In 1667, Jean-Baptiste Denys transfused the blood of a sheep into a 15-year-old boy and a laborer, both of which survived. Denys and his contemporaries chose not to perform human-to-human transfusions since the process often killed the donor. Despite their initial successes, which likely only occurred due to the small quantities of blood involved, the later transfusions made by these physicians did not go so well. Denys, in particular, became responsible for the death of the Swedish Baron Gustaf Bonde and that of a mentally ill man named Antoine Mauroy.
Ultimately, these experiments were condemned by the Royal Society, the French government, and the Vatican by 1670. Research into blood transfusion stopped for 150 years. The practice had a brief revival in the early 19th century, but there had been no progress — many of the same problems were still around, like the difficulty of preventing blood from coagulating and the recipients’ annoying habits of dying after their lives had just been saved by a blood transfusion. How best to get around blood’s pesky characteristics? By the mid 19th century, physicians believed they had an answer: Don’t use blood at all but use a blood substitute. Milk seemed like the perfect choice.
The first injection of milk into a human took place in Toronto in 1854 by Drs. James Bovell and Edwin Hodder. They believed that oily and fatty particles in milk would eventually be transformed into “white corpuscles,” or white blood cells. Their first patient was a 40-year-old-man who they injected with 12 ounces of cows’ milk. Amazingly, this patient seemed to respond to the treatment fairly well. They tried again with success. The next five times, however, their patients died.
Despite these poor outcomes, milk transfusion became a popular method of treating the sick, particularly in North America. Most of these patients were sick with tuberculosis, and, after receiving their blood transfusions, typically complained of chest pain, nystagmus (repetitive and involuntary movements of the eyes), and headaches. A few survived, and, according to the doctors carrying out these procedures, seemed to fare better after the treatment. Most, however, fell comatose and died soon after.

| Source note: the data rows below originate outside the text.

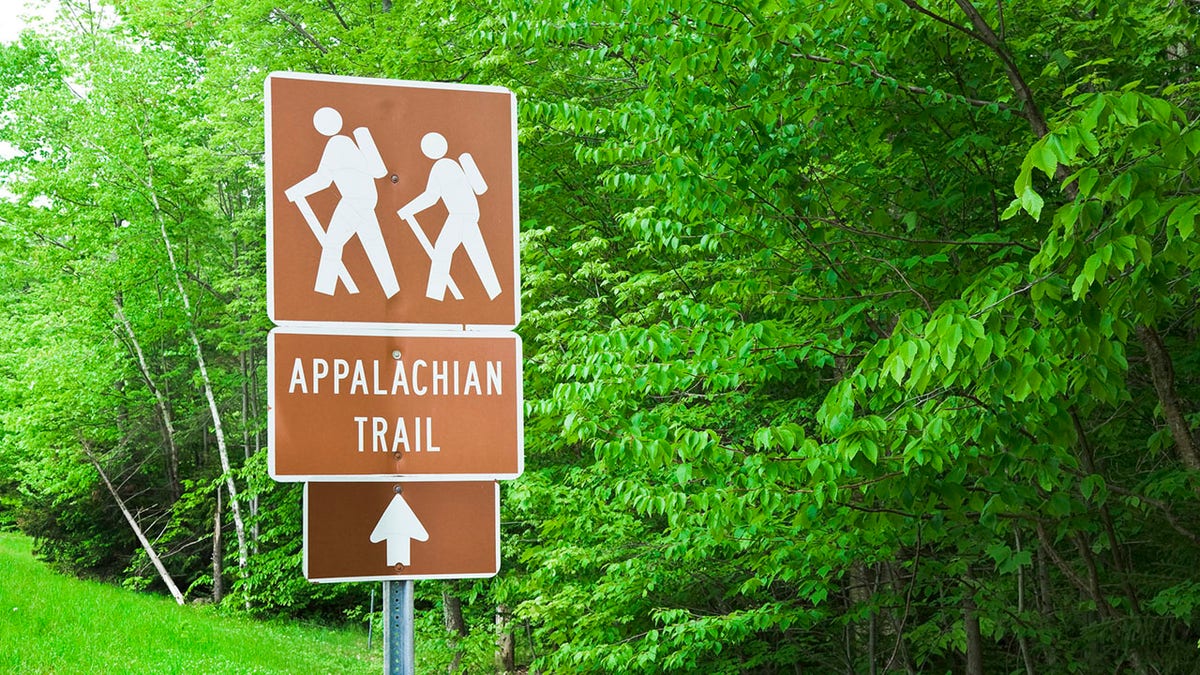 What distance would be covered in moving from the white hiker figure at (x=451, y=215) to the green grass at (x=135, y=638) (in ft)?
39.6

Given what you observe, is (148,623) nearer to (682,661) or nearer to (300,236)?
(682,661)

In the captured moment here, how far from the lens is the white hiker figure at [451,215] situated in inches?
100

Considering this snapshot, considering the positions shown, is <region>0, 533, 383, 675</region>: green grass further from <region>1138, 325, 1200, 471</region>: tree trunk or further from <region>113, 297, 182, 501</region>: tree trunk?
<region>1138, 325, 1200, 471</region>: tree trunk

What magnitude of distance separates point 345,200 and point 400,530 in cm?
77

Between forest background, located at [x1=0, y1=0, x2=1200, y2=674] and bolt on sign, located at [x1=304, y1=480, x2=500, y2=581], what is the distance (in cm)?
190

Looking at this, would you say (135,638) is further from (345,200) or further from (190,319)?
(345,200)

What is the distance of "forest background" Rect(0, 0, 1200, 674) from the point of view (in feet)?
14.0

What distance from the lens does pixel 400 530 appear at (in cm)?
244

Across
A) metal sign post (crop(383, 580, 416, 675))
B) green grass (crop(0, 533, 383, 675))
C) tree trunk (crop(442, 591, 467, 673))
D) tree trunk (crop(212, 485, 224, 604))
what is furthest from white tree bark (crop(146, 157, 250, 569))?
metal sign post (crop(383, 580, 416, 675))

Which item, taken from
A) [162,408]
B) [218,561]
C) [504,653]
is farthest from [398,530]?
[162,408]

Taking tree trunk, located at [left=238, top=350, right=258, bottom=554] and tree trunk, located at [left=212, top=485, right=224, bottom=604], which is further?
tree trunk, located at [left=212, top=485, right=224, bottom=604]

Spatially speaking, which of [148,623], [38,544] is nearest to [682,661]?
[148,623]

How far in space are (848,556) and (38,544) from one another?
2768 cm

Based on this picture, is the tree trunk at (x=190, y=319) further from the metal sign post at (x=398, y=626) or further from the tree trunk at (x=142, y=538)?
the metal sign post at (x=398, y=626) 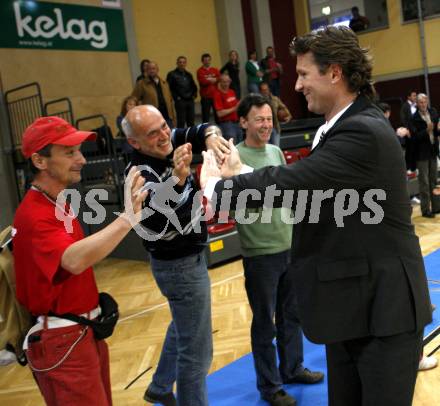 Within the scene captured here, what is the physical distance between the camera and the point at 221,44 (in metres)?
13.9

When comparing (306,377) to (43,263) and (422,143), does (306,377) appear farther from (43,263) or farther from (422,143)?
(422,143)

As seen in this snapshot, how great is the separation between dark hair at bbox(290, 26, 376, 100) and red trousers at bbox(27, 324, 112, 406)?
1.27 m

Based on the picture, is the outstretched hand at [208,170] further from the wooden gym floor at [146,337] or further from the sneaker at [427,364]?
the sneaker at [427,364]

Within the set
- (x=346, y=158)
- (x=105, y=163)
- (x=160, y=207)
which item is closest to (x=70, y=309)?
(x=160, y=207)

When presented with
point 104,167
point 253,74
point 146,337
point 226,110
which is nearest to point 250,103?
point 146,337

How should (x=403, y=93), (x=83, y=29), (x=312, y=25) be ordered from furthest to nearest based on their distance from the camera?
(x=312, y=25) < (x=403, y=93) < (x=83, y=29)

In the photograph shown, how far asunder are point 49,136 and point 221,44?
12.5 meters

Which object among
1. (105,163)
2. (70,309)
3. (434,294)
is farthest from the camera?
(105,163)

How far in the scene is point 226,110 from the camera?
10766 millimetres

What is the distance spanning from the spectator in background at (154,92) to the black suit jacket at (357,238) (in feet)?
26.0

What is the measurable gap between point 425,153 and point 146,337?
20.3ft

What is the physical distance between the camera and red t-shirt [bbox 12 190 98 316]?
184 centimetres

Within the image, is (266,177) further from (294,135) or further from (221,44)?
(221,44)

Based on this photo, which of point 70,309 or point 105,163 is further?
point 105,163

Most medical treatments today are first tested on animals and then on humans, but for milk transfusions, this process was reversed. One doctor, Dr. Joseph Howe, decided to perform an experiment to see whether it was the milk or some other factor causing these poor outcomes. He bled several dogs until they passed out and attempted to resuscitate them using milk. All of the dogs died.
However, Howe would go on to conduct another experiment in milk transfusion, believing that the milk itself wasn’t responsible for the dogs’ deaths, but rather the large quantity of milk he had administered. He also eventually hypothesized that the use of animal milk — he sourced it from goats — in humans was causing the adverse reactions. So, in 1880, Howe gathered three ounces of human milk with the goal of seeing whether using animal milk was somehow incompatible with human blood.
He transfused this into a woman with a lung disease, who stopped breathing very quickly after being injected with milk. Fortunately, Howe resuscitated the woman with artificial respiration and “injections of morphine and whiskey.”
By this time, around 1884, the promise of milk as a perfect blood substitute had been thoroughly disproved. By the turn of the century, we had discovered blood types, and a safe and effective method of transfusing blood was established. Would these discoveries have occurred without the dodgy practice of injecting milk into the bloodstream? It’s difficult to say. At the very least, we can say with confidence that life is much better — less hairy — for sick people in the 21st century than in the 19th.